An earthquake woke her. At least it felt like an earthquake.
Groaning, Mickey flailed a hand around the incessant buzzing noise. After locating the source, she brought it in front of her face and peeked one eye open at the bright screen.
She shut her eye and slid a thumb across the glass.
“You finally answered your phone! You’re still at Trent’s, aren’t you? I can’t believe you went home with that scumbag last night. This is why I never let you drink.”
Mickey winced and held the phone away from her face, while the familiar voice belonging to her best friend continued to berate her.
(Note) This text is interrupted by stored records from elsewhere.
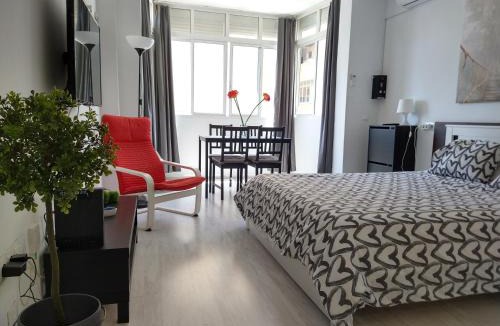 Torremolinos City Centre Apartment | Amplio estudio,vista mar y montaña, a pasos del centro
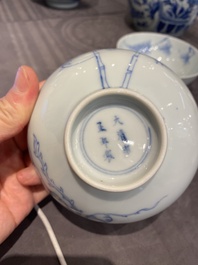 Paire de bols en porcelaine de Chine en bleu et blanc &agrave; d&eacute;cor de ph&eacute;nix, marque et &eacute;poque de Yongzheng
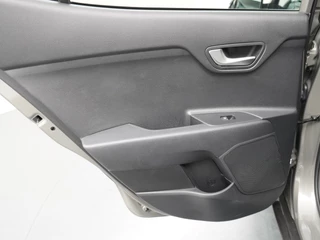 Kia Stonic - Navigatie - Camera - Climate control - Privacy glass - Keyless entry - Fabrieksgarantie tot 05-2029 - afbeelding nr 33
Until it stopped. “Mickey, you there?”
Grinning, she turned on the speaker and tossed the phone back on the bed. “Good morning, Mom,” she purred.
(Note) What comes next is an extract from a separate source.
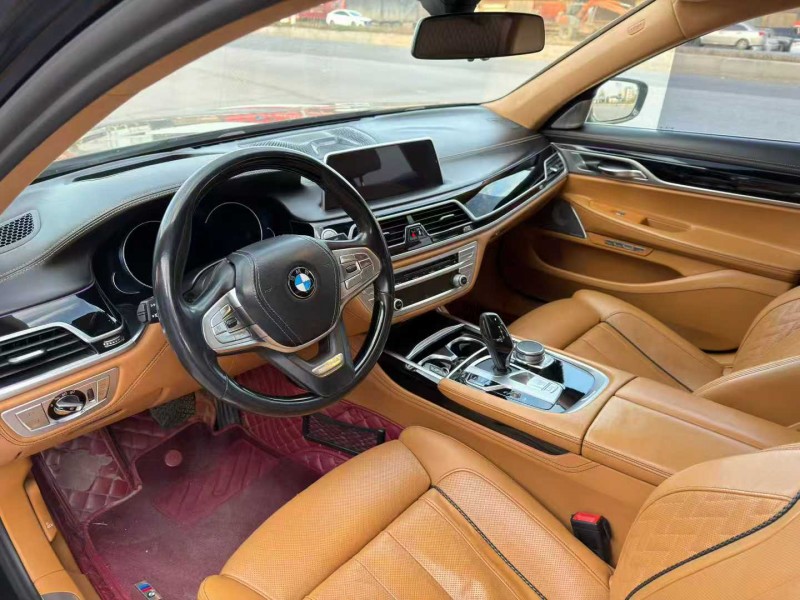 天津18年宝马7系4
“Don’t you dare good morning, Mom, me,” Melinda’s voice scolded back. “How does your head feel?”
“Serves you right,” Mel quipped, followed by an exasperated sigh. “At least the sex was good, right?”
Mickey wrinkled her nose, throwing an arm across her brow like a curtain. Or a shield. “I don’t remember.”
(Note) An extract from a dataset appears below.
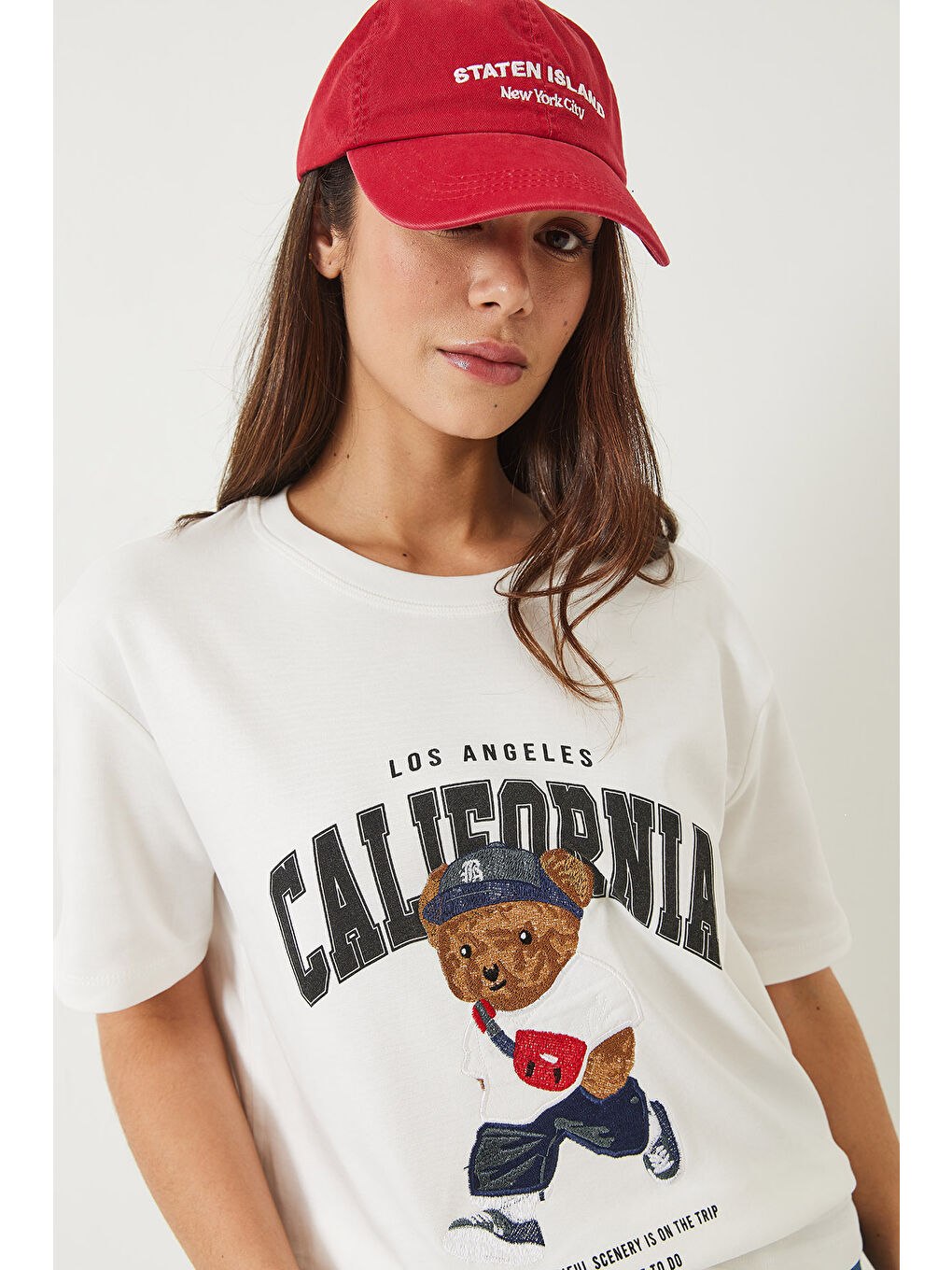 Beyaz Kadın Bisiklet Yaka California Los Angeles Teddy Baskılı Oversize T-Shirt-2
Another exasperated sigh. “Geez, I didn’t realize you were that wasted. You’re still in his damn bed, aren’t you?”
“Maybe.” Mickey smirked as she noticed the sound of running water.
Thank you, God.
“But Trent’s still in the shower, so I’m going to take this golden opportunity to hightail it out of here.”
“My little escape artist,” Mel snorted. “You’d better hurry up before you’re forced to talk to that oh-so-loyal ex-fiancé of yours.”
“I’m going, I’m going,” Mickey muttered, swatting around blindly for her phone again. “See you tonight, Mel.”
“Same bat time. Same bat channel.”
“You’re a weirdo.”
“That’s why you love me. Now, get your cute little butt out of there. Pronto.”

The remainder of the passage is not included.